Task requirements
For the word "with", return each line of the data in which it occurs.

### Records for this task

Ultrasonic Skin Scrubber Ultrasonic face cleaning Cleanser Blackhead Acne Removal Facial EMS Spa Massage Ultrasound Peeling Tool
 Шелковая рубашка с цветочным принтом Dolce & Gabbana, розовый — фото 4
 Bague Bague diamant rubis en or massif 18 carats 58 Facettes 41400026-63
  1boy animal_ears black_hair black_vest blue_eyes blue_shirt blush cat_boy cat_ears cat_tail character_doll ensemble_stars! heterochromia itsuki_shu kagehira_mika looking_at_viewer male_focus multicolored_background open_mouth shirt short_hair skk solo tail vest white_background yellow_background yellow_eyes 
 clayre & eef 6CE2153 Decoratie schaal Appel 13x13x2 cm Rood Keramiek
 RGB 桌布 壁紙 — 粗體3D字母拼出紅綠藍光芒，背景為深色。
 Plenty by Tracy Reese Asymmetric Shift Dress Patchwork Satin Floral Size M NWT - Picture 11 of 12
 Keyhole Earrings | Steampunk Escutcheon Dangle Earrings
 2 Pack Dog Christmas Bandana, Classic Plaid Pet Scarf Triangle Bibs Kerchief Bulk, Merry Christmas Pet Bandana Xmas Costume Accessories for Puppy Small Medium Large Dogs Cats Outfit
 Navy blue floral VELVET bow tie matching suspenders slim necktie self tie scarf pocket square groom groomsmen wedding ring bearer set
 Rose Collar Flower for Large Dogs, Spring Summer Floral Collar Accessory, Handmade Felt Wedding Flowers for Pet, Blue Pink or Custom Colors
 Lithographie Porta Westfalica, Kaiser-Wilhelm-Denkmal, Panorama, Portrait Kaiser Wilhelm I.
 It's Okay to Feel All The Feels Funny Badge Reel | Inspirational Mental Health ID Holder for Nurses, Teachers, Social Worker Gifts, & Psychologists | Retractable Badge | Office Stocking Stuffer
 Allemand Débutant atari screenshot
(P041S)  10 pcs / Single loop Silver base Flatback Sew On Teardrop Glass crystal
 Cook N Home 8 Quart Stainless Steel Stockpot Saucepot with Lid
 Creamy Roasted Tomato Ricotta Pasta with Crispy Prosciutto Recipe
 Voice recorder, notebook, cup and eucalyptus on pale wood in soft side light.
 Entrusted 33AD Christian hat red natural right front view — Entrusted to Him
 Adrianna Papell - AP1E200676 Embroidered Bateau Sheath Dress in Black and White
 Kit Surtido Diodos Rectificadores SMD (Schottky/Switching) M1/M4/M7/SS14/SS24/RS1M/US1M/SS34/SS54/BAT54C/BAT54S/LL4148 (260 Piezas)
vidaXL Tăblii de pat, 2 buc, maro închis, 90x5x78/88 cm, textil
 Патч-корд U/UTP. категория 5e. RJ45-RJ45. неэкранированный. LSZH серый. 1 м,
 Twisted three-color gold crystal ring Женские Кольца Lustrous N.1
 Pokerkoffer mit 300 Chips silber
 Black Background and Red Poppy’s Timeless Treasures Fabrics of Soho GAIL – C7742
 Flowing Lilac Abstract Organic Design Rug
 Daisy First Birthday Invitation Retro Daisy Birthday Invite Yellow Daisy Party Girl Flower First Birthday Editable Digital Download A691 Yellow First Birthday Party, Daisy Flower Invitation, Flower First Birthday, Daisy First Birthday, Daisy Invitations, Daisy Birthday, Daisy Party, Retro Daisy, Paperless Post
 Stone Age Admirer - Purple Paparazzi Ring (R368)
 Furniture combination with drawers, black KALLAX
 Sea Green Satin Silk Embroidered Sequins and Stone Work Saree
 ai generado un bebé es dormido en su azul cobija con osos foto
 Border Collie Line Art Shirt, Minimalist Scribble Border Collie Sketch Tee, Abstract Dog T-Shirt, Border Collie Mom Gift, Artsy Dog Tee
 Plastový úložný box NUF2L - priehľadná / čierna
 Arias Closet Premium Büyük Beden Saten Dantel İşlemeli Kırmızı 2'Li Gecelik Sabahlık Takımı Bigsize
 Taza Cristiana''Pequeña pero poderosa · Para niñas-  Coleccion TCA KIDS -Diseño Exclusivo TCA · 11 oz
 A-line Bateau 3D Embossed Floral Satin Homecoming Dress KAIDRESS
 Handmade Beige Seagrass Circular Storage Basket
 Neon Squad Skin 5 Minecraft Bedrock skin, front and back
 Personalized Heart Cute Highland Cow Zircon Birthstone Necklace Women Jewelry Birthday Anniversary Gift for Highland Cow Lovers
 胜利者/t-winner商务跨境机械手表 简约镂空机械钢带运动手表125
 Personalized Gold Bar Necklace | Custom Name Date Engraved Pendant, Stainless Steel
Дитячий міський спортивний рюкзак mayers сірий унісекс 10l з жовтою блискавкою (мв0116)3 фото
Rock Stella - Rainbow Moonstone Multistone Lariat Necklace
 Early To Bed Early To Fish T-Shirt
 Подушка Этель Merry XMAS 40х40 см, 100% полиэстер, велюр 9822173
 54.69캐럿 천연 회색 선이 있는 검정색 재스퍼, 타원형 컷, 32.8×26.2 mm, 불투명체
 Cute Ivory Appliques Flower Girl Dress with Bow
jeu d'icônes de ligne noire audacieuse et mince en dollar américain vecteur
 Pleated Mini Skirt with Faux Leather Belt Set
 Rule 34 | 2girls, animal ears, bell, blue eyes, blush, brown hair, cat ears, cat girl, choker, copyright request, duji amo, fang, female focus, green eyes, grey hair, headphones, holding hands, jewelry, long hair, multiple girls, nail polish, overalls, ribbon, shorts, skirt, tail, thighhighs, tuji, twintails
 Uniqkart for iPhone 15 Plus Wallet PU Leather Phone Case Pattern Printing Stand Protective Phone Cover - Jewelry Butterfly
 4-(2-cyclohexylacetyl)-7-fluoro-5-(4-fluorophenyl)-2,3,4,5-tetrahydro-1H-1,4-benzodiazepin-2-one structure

######

Reply to the exercise
 Cook N Home 8 Quart Stainless Steel Stockpot Saucepot with Lid
 Creamy Roasted Tomato Ricotta Pasta with Crispy Prosciutto Recipe
 Furniture combination with drawers, black KALLAX
 Cute Ivory Appliques Flower Girl Dress with Bow
 Pleated Mini Skirt with Faux Leather Belt Set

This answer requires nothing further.